Your instructions
Only the lines below from the one containing "letto matrimoniale con testiera imbottita" to the one containing "Huge Apartment Next" should be repeated, both included and unchanged.

Information
________________________________________
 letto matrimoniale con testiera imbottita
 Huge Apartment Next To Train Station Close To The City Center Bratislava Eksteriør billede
________________________________________
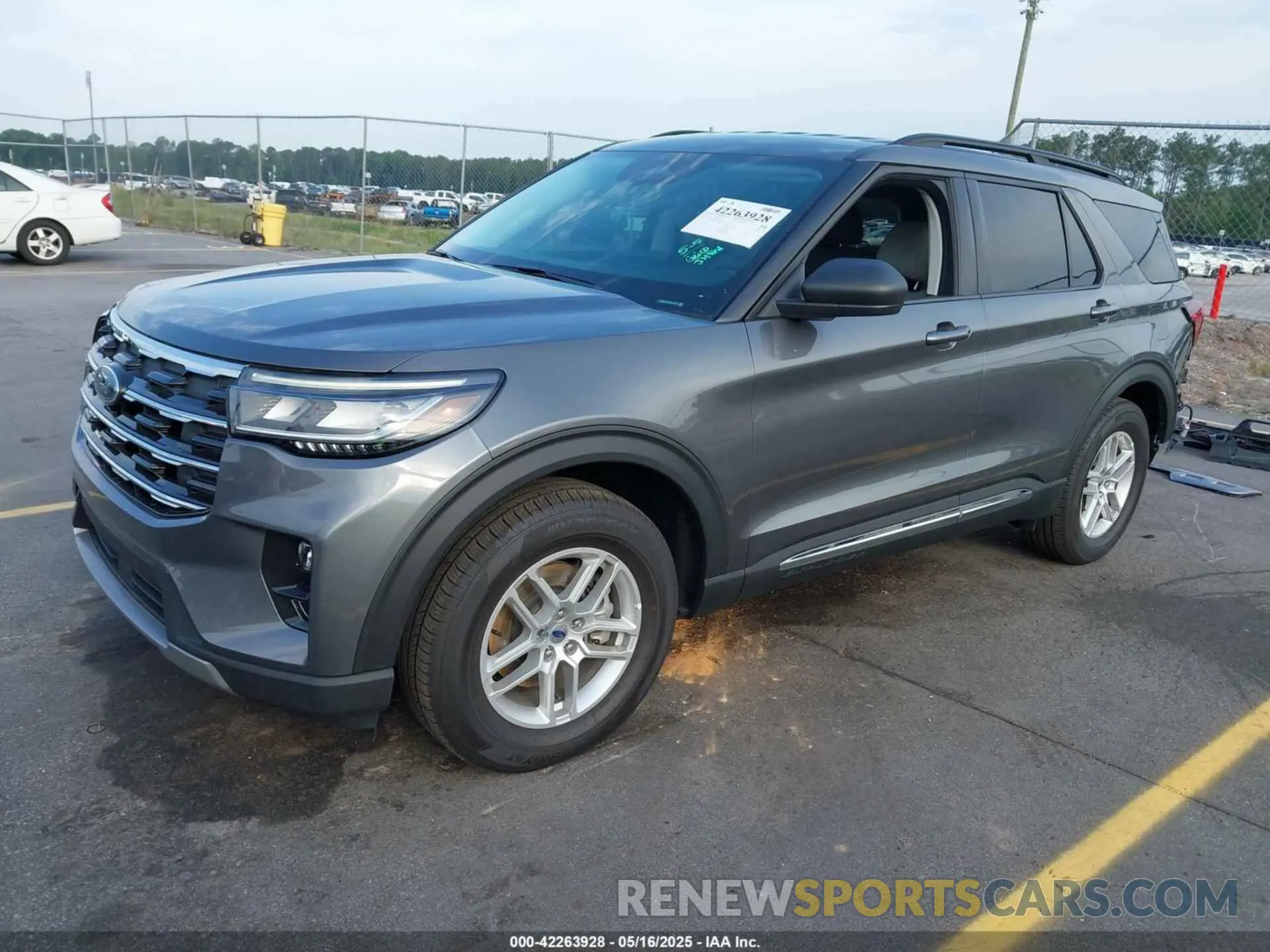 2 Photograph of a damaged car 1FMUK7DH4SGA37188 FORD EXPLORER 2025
________________________________________
Task answer
 letto matrimoniale con testiera imbottita
 Huge Apartment Next To Train Station Close To The City Center Bratislava Eksteriør billede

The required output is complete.